▸ **MATERIAL PROVIDED**
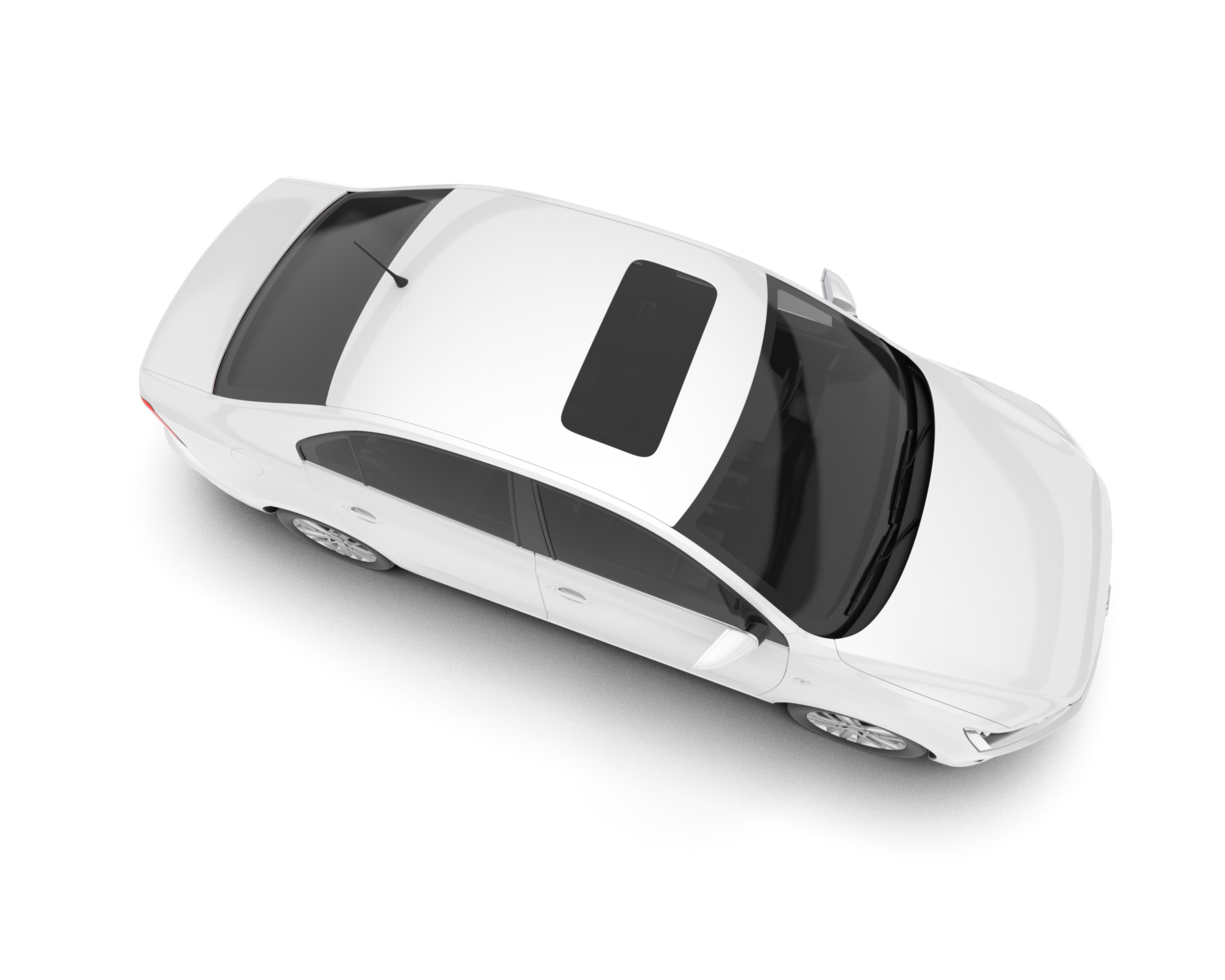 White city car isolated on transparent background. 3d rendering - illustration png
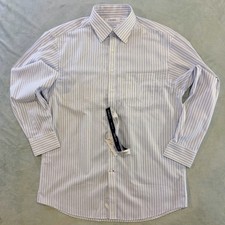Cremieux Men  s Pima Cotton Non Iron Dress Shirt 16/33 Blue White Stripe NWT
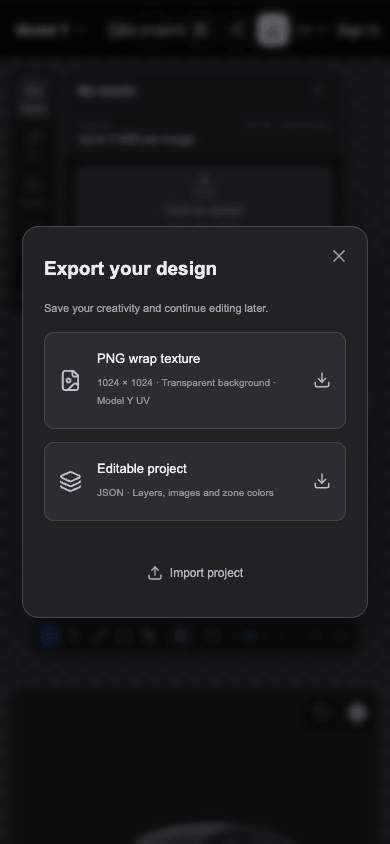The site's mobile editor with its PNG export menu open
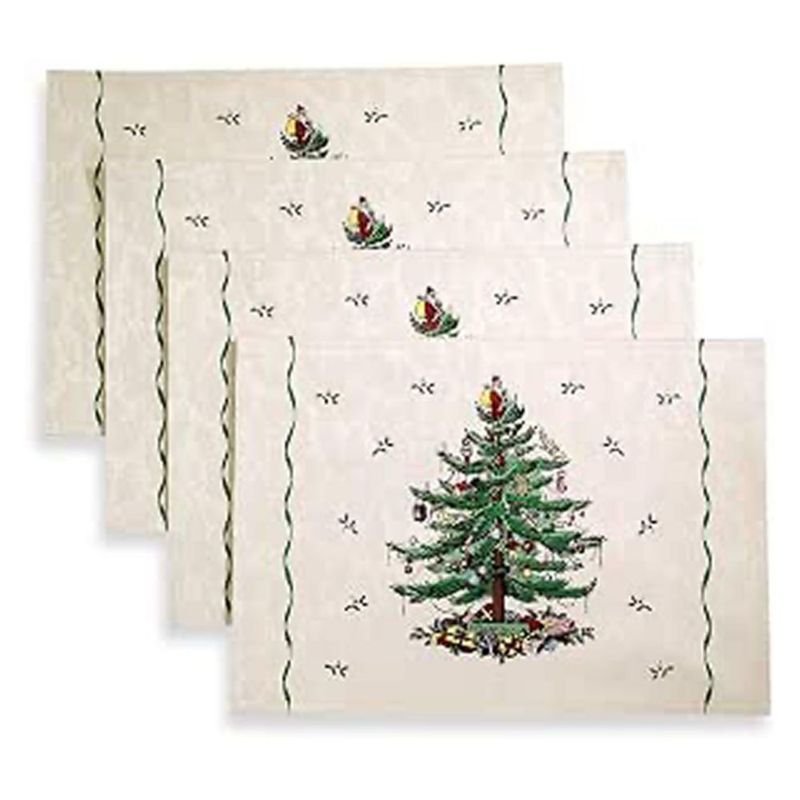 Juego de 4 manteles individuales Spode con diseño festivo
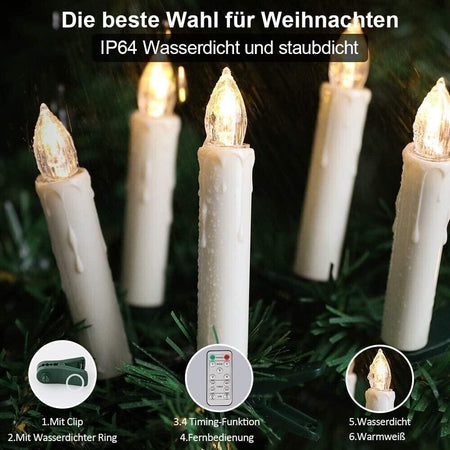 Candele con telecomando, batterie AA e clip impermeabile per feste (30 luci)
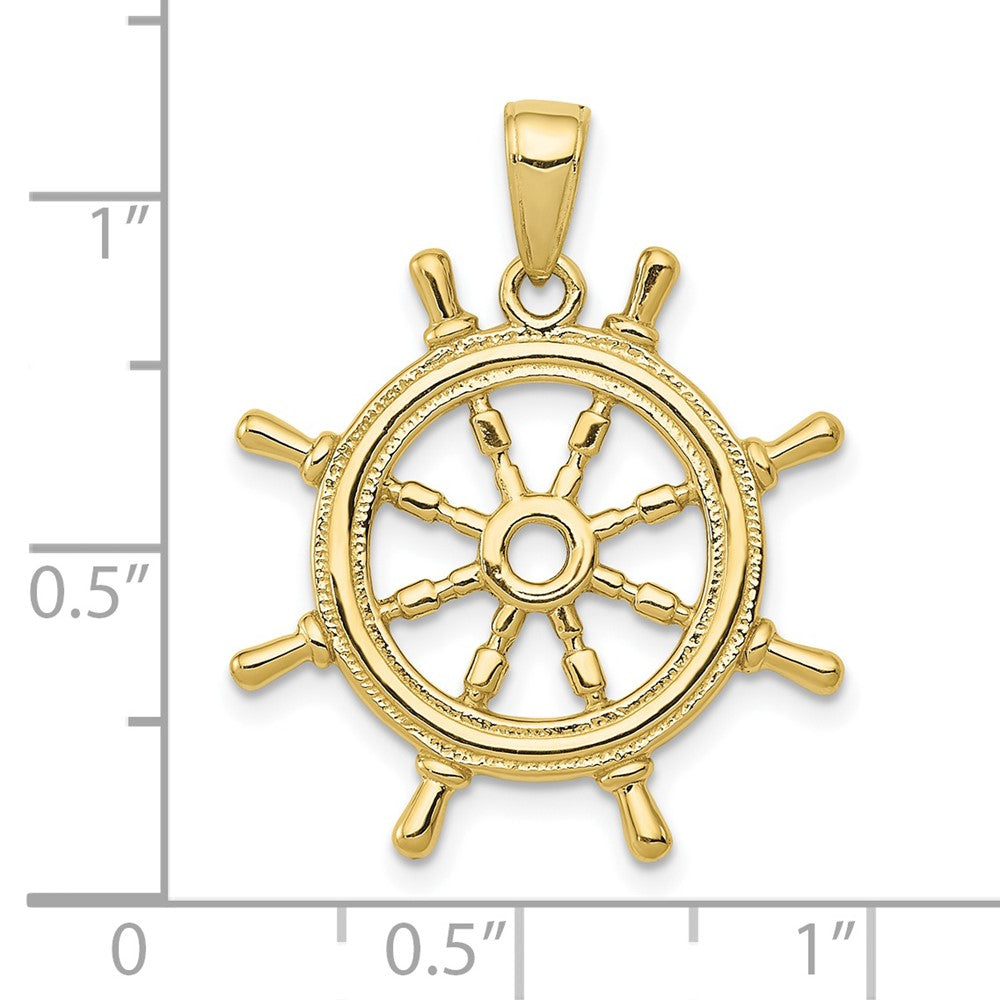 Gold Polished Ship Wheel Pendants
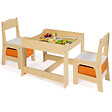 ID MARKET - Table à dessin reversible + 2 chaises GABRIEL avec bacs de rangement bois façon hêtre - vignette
--
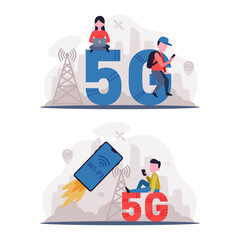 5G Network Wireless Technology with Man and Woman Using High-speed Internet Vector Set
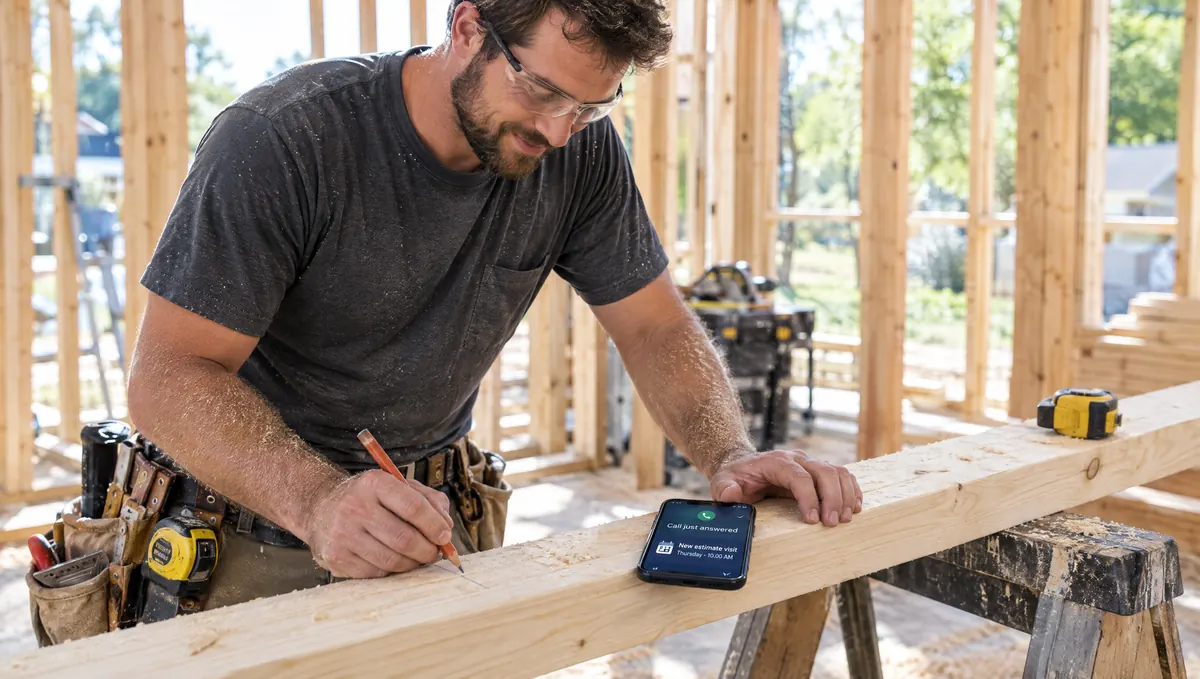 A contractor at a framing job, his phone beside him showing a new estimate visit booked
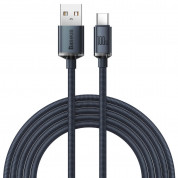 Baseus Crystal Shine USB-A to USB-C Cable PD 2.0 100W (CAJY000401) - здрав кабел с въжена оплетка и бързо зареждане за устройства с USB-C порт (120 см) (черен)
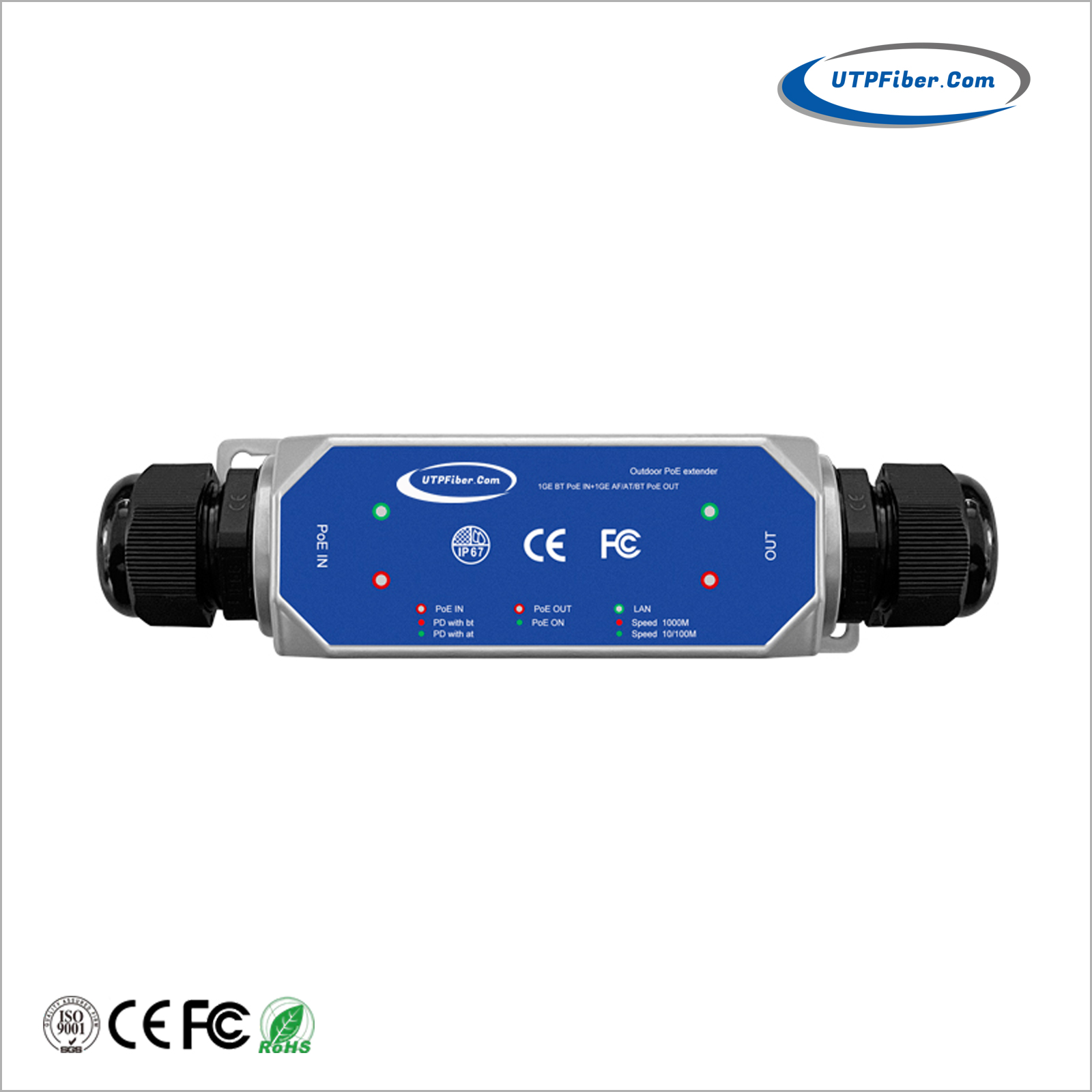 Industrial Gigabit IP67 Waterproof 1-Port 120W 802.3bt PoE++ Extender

▸ **WHAT TO DO**
Take the lines above starting at the one containing "White Stripe NWT" and ending at the one containing "ID MARKET - Table", and print them again exactly, without pictures.

▸ **COMPLETED TASK**
Cremieux Men  s Pima Cotton Non Iron Dress Shirt 16/33 Blue White Stripe NWT
The site's mobile editor with its PNG export menu open
 Juego de 4 manteles individuales Spode con diseño festivo
 Candele con telecomando, batterie AA e clip impermeabile per feste (30 luci)
 Gold Polished Ship Wheel Pendants
 ID MARKET - Table à dessin reversible + 2 chaises GABRIEL avec bacs de rangement bois façon hêtre - vignette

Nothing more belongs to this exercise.